::: DATA EXTRACTS

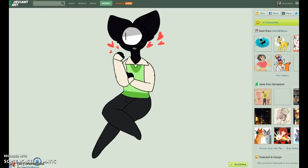Sorry guys, but YouTube videos are gonna be coming out a lot slower, considering Scratch wants to be a jerk to me. I'm sorry, guys.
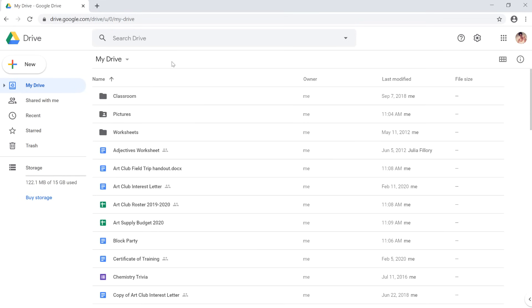If you've been using Google Drive for a while, you may find you have a lot of different files, and that can make it hard to find what you're looking for. Fortunately, Drive has a lot of features built in to help you find the files you need and keep your files organized.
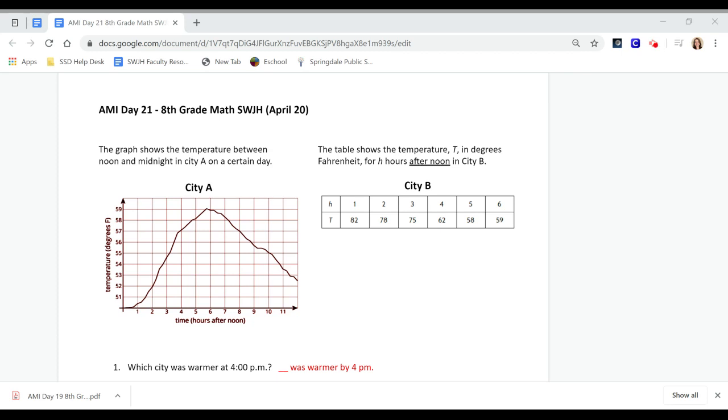Hey Southwest! Today is AMI Day 21 and we are looking at a graph and a table and comparing the two. I'm going to read through the problem and talk through today's assignment.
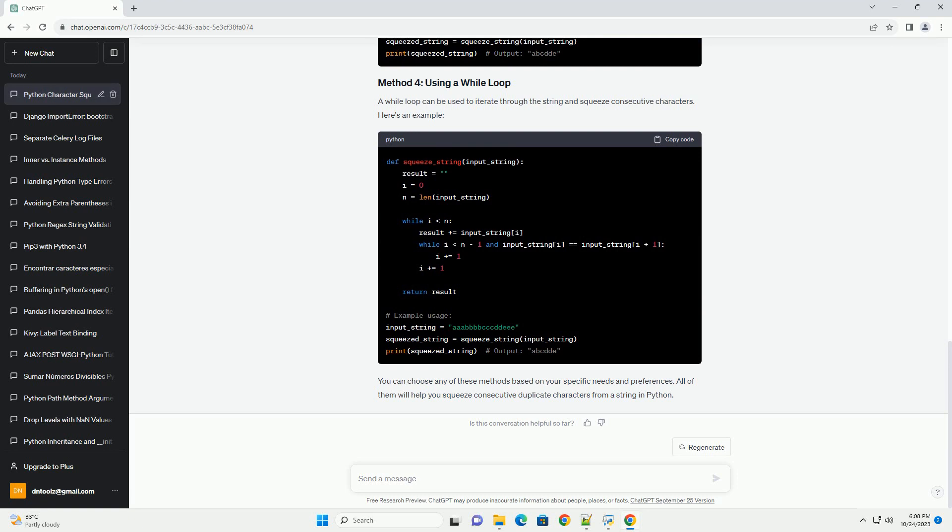Here's how you can implement this method. The itertools.groupby function is a powerful tool for grouping consecutive elements.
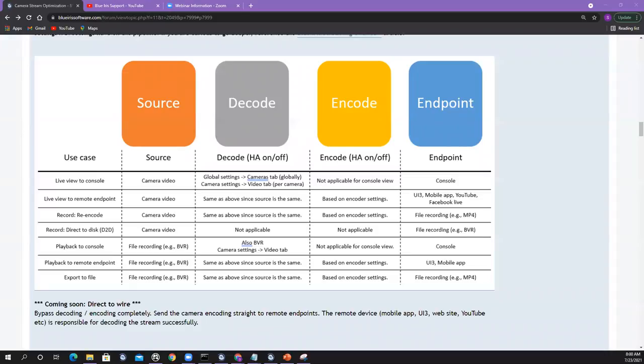Good morning everybody, happy Friday. Today's topic is on streaming videos. The motivation for this was I started getting confused with all the tickets — there's all these artifacts, like video artifacts, choppiness of the streams. You have all these settings in the cameras, all these settings in Blue Iris. How do you make sense of all this stuff in a methodical way? I realized this is really informative for you guys as well, so that's why I want to have this webinar slash article to share.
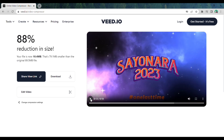This website also gives you the option to edit your video. If you want to edit the video, just click here and start editing your video.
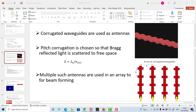Here, the big lambda is the pitch of the corrugations, lambda-0 is the design wavelength, and n-effective is the effective refractive index of the fundamental mode inside the corrugated waveguide. This condition defines the configuration where, after the first-order diffraction, the scattered light is emitted normal to the plane of the waveguide.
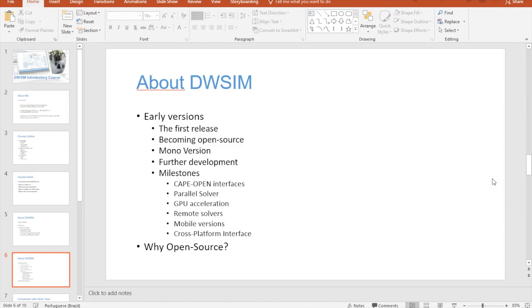So DWSIM is open source because I wanted everyone to know how a process simulator works, how the calculations are done. With HYSYS and Aspen Plus, you can't know for sure how it's doing the calculations - you just have to believe in what it says, basically. And I don't like that.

::::::

— GOAL OF THE EXERCISE —
Set every entry down again exactly as written, and omit the images.

— EXERCISE SOLUTION —
Sorry guys, but YouTube videos are gonna be coming out a lot slower, considering Scratch wants to be a jerk to me. I'm sorry, guys.
If you've been using Google Drive for a while, you may find you have a lot of different files, and that can make it hard to find what you're looking for. Fortunately, Drive has a lot of features built in to help you find the files you need and keep your files organized.
Hey Southwest! Today is AMI Day 21 and we are looking at a graph and a table and comparing the two. I'm going to read through the problem and talk through today's assignment.
Here's how you can implement this method. The itertools.groupby function is a powerful tool for grouping consecutive elements.
Good morning everybody, happy Friday. Today's topic is on streaming videos. The motivation for this was I started getting confused with all the tickets — there's all these artifacts, like video artifacts, choppiness of the streams. You have all these settings in the cameras, all these settings in Blue Iris. How do you make sense of all this stuff in a methodical way? I realized this is really informative for you guys as well, so that's why I want to have this webinar slash article to share.
This website also gives you the option to edit your video. If you want to edit the video, just click here and start editing your video.
Here, the big lambda is the pitch of the corrugations, lambda-0 is the design wavelength, and n-effective is the effective refractive index of the fundamental mode inside the corrugated waveguide. This condition defines the configuration where, after the first-order diffraction, the scattered light is emitted normal to the plane of the waveguide.
So DWSIM is open source because I wanted everyone to know how a process simulator works, how the calculations are done. With HYSYS and Aspen Plus, you can't know for sure how it's doing the calculations - you just have to believe in what it says, basically. And I don't like that.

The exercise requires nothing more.